This deserves a considered response as well.

You are definitely a dinner party host and not a saloon-keeper 🙂

Agreed and agreed!

Lois hits so many new nails on the head we really need a tree structure for this thread.

I think Ambinder’s essay is important because it’s the first time I’ve heard pushback on this idea from a journalist who was very successful in making himself a personal brand. I read Ambinder’s farewell to blogging as his desire to de-brandify himself, to retreat from the persona he had created.

This really syncs with Tim’s post, which analyzed the biographical angle for highlights I was clueless about. (I’m not a regular Ambinder reader.) And Lois (and, incidentally, Howard) is totally right–this fishbowl effect is not limited to political blogging. In tech and business blogging there’s ruthless pressure to create a persona, and those that enjoy it thrive. Arrington, anyone? My limited and highly unmemorable foray into professional blogging was actually emotionally painful–I’m talking crying in editors’ offices painful–in no small part because my existing and organic amateur blog-persona was so entirely unsuited for the emerging genre of snarky Web 2.0 startup commentary, my assigned topic.

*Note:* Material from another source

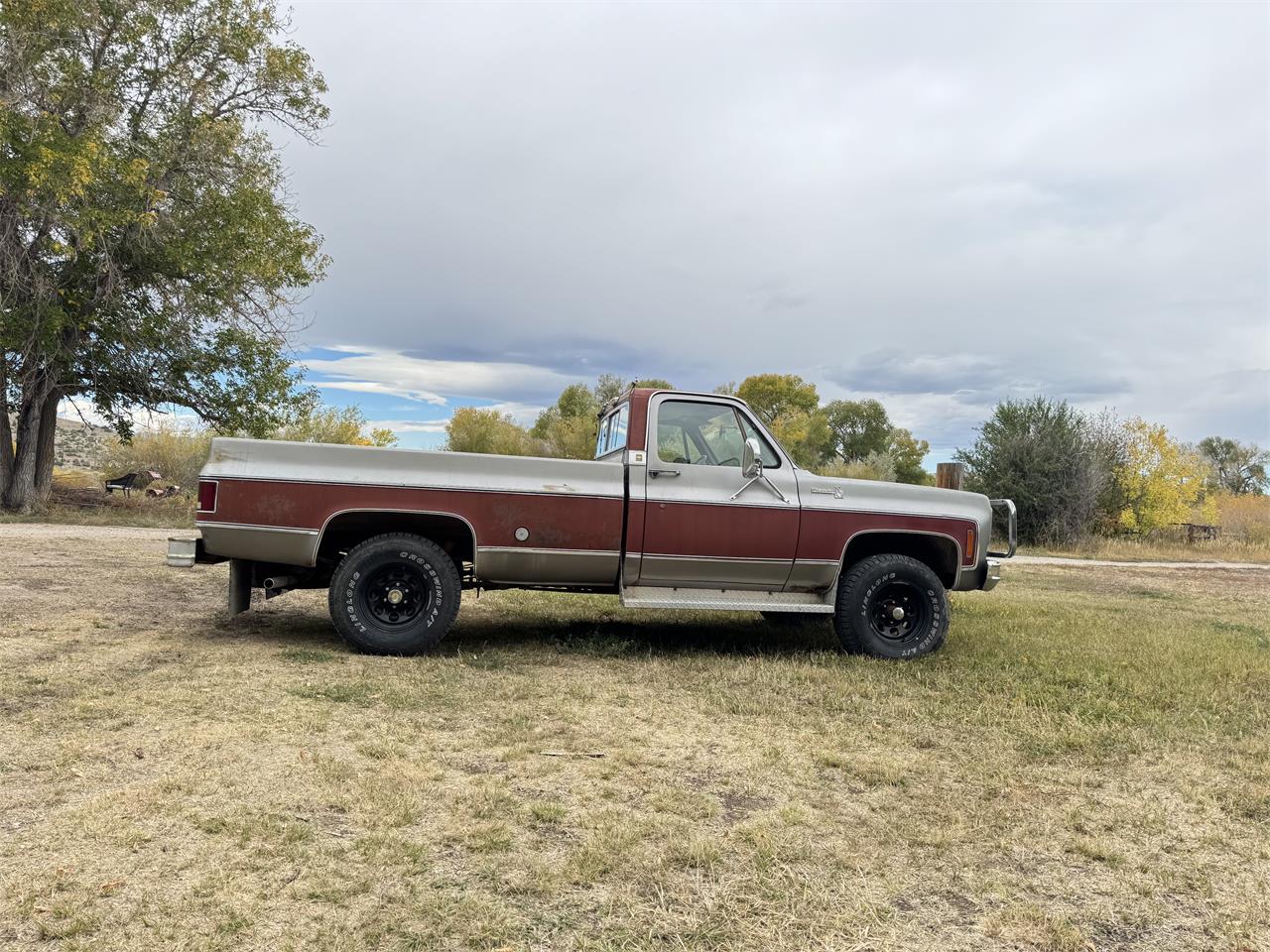 Chevrolet-K-10-1976-Burgundygrey-Red-11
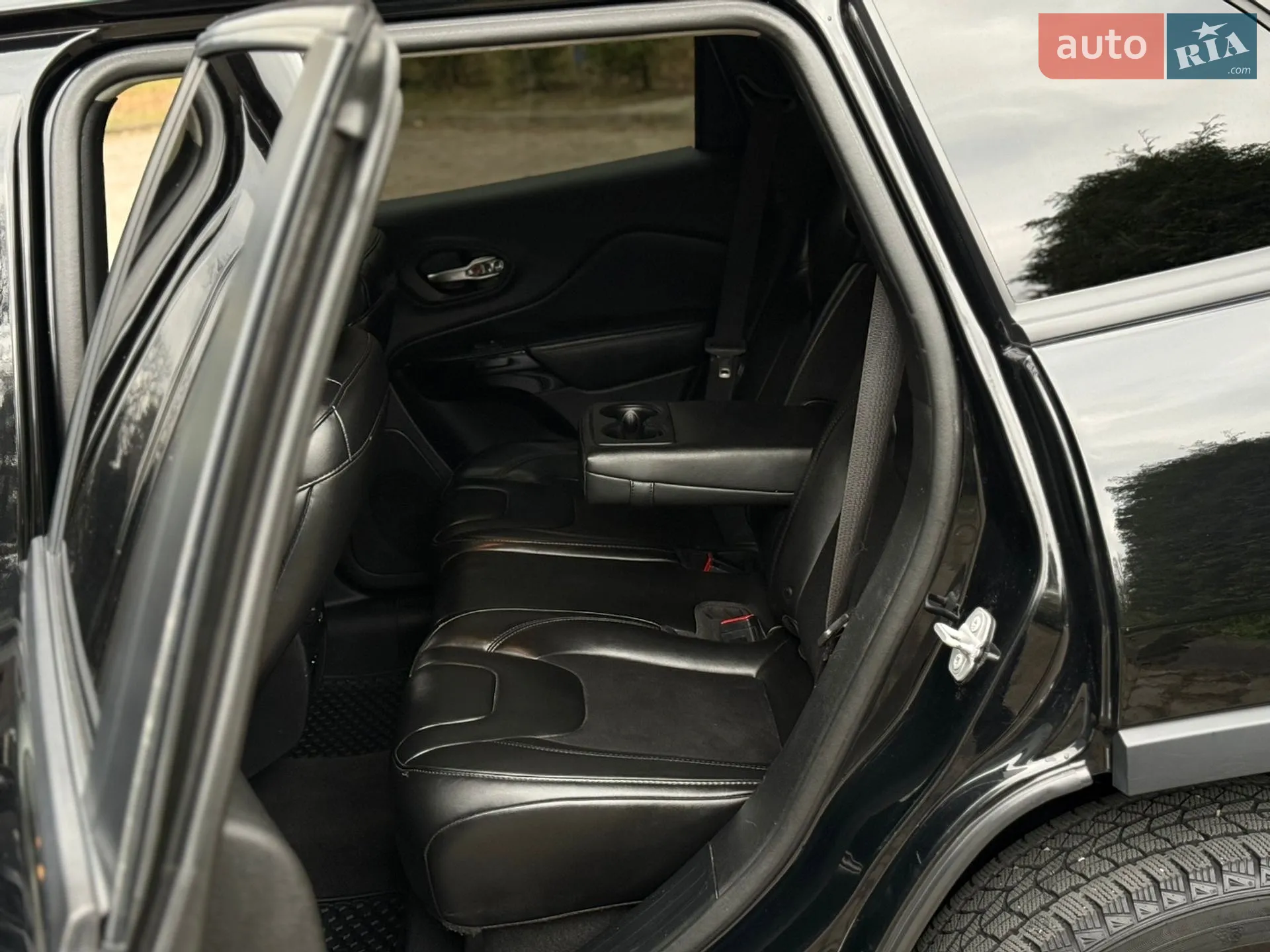 2018 Jeep Cherokee - мініатюра 28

part of what it means to discover a story is to discover the voice you’ll use to tell the story.

I almost think part of the ‘old’ process was working on that discovery with others–editors, art editors, photographers. That was a lot of fun. Blogging where each post is truly a collaborative packaging would really be something. I suppose that’s the idea behind Storify, but it’s still a retroactive collaboration. There’s something about secretly putting on a show together and then presenting it to the public that’s really fun and usually missing from the blogging process. It seems like it’s there in 48hr mag, but that’s not a sustainable model for regular, frequent media, is it Lois?

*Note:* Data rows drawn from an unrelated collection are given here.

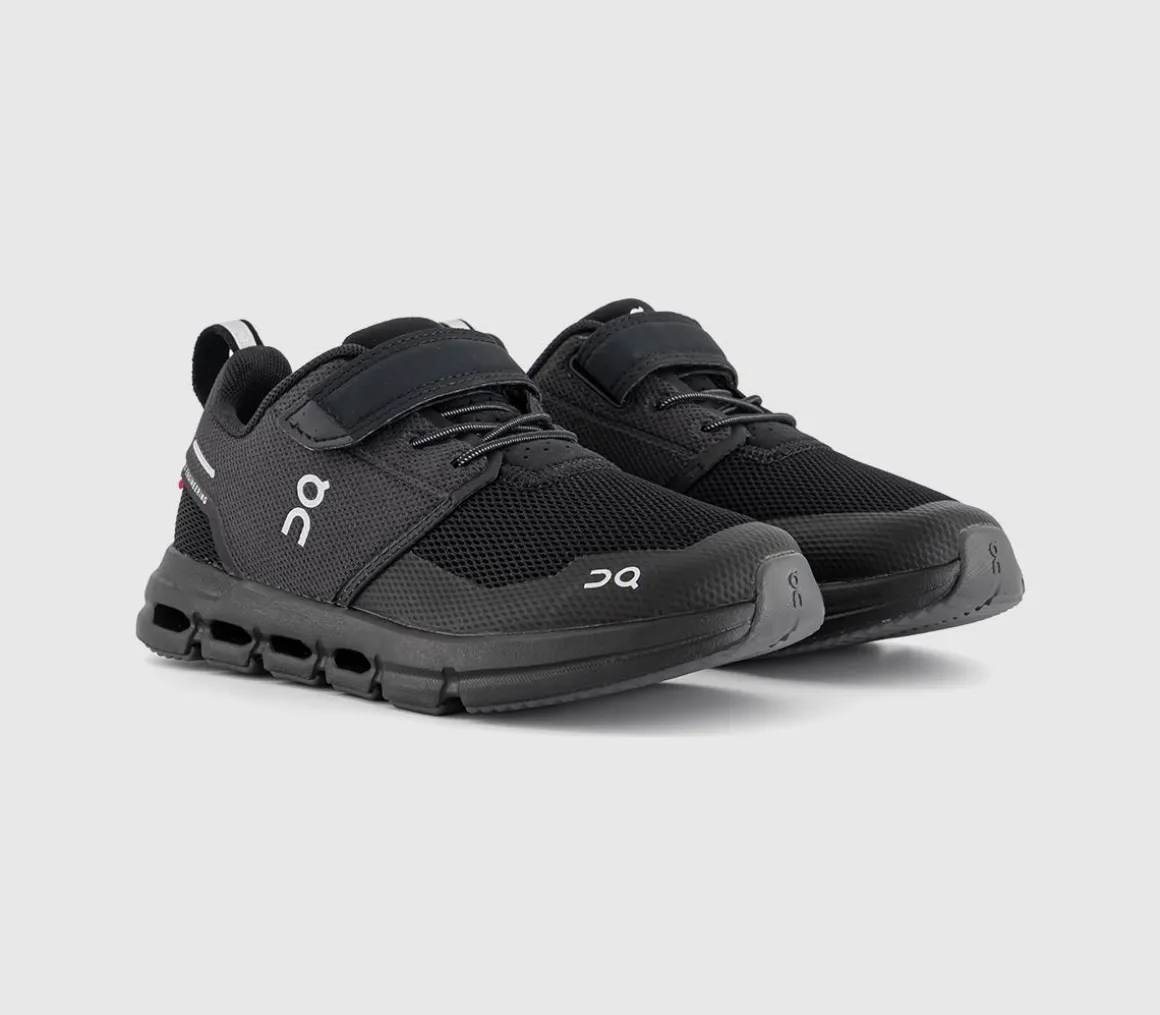 Cloudplay Youth Trainers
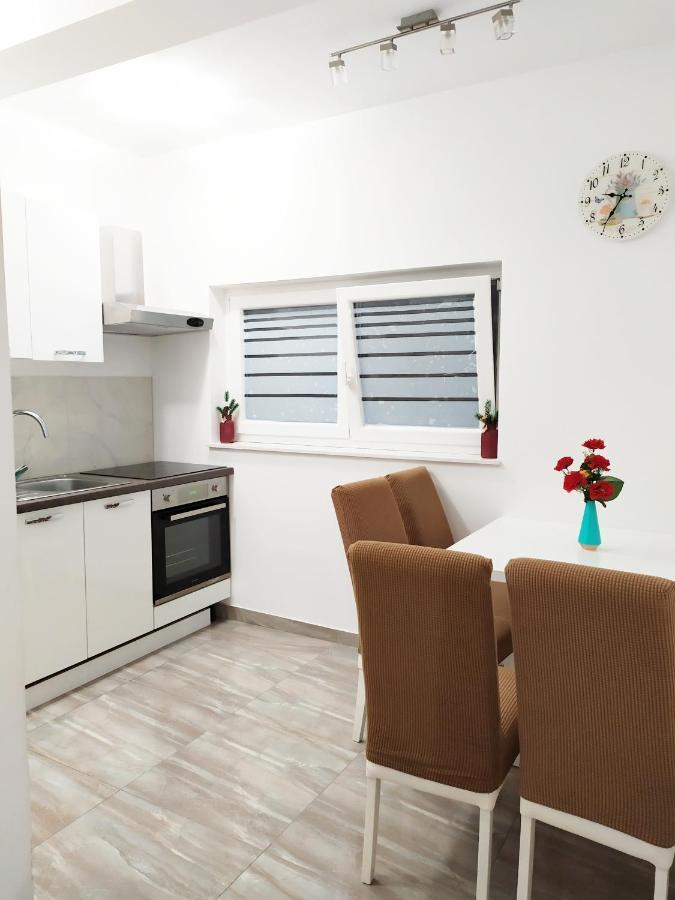 Apartmani Mira Nin Extérieur photo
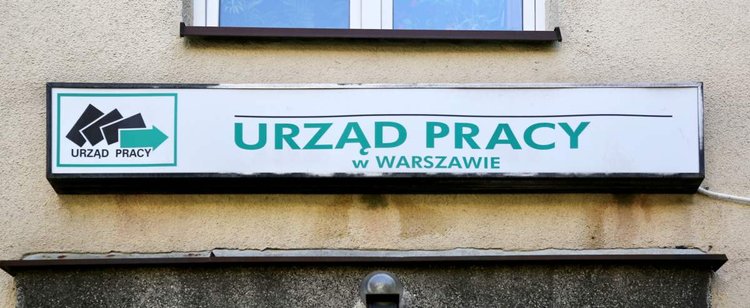 Olbrzymie zwolnienia w uwielbianej sieci marketów. Pracę mają stracić setki osób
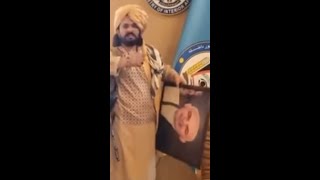 Taaliban Removing president ashraf ghani’s Photo ط/لبان عکس اشرف غنی پایین کرد #Shorts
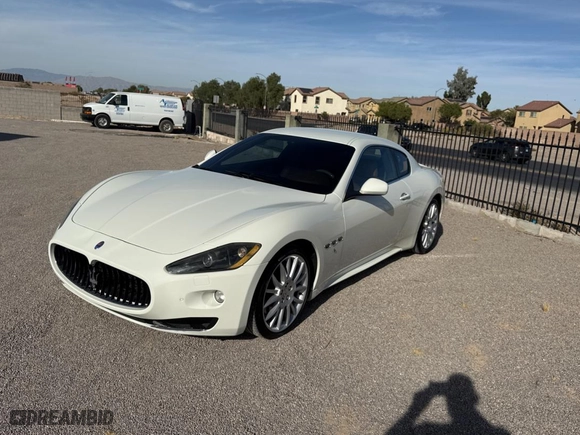2012 Maserati GranTurismo S with VIN ZAM45KLA1C0061862, listed as a Copart auction lot 78313684 with 31,798 mi miles and Clean Title. Bid and sale history available at carsss.com. Image 2.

I really enjoyed this, Matt. particularly for its appreciation of the *diversity* of the experience of blogging. Ambinder’s assumptions from the perch of the journo-political blogosphere would make little sense to inhabitants of any of the many other blogospheres.

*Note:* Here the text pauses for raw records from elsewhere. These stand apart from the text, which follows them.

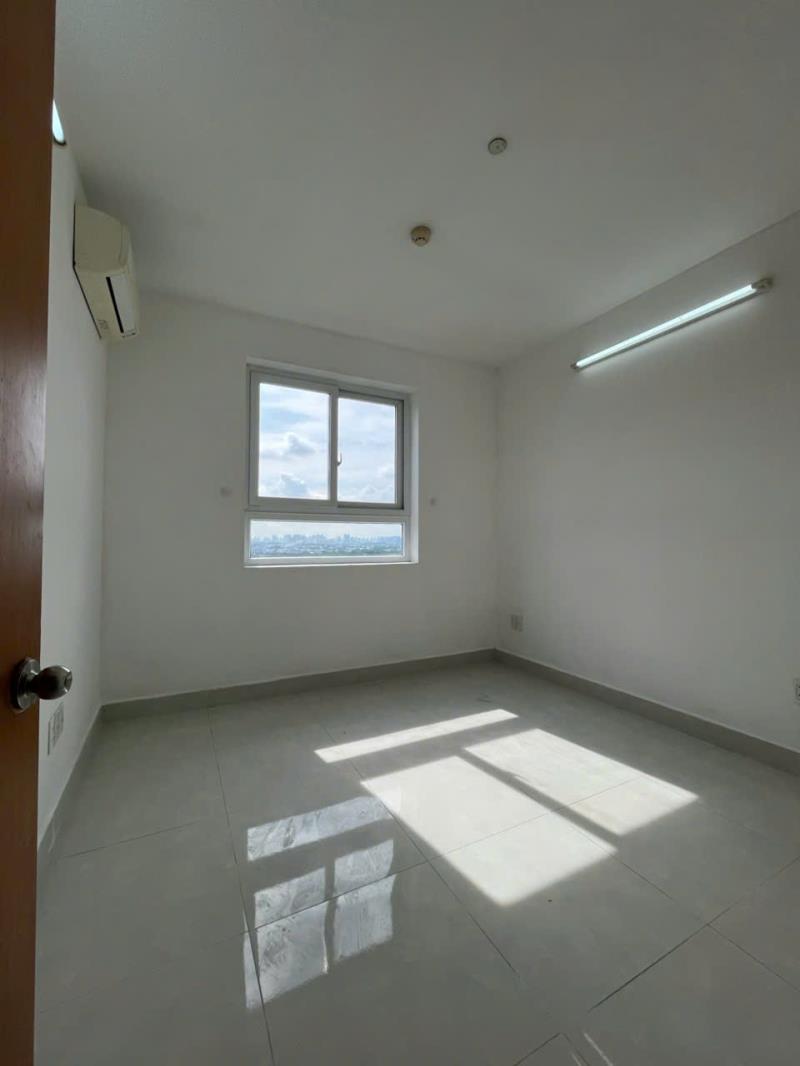 Bán chung cư tara quận 8 dt: 71.25m2 2pn 2wc giá 4.050 tỷ - 4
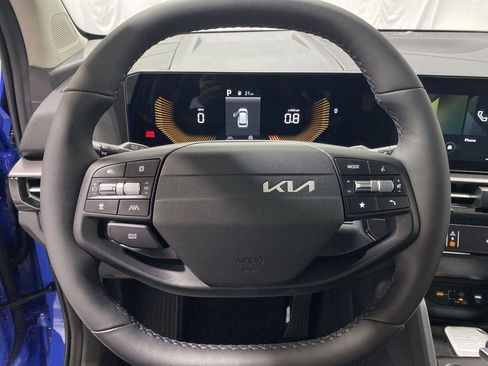 New 2026 Kia Sportage EX FWD image 11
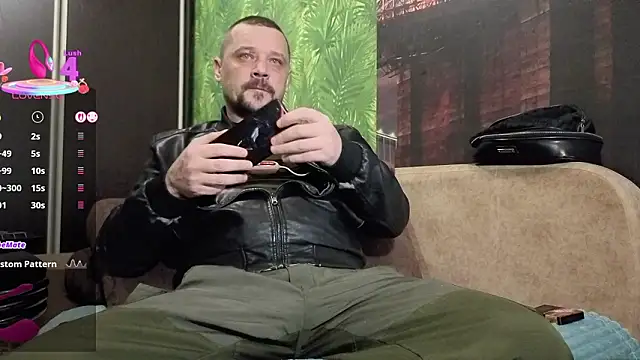 Snapshot of DanielOhCool chatting on 02/01/26, 06:22 DanielOhCool online show from 02/01/26, 06:22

It’s worth noting that the pointless “who’s a blogger” debate took place, over and over again, in ancient blog times, when people argued about whether you had to have comments to be a true blogger, or insisted that real blogging was link-blogging and therefore diarists and essayists couldn’t truly be labeled bloggers, and so on. Those arguments are thankfully behind us, in the dustbin that is, I think, finally beginning to engulf “who’s a journalist” as well…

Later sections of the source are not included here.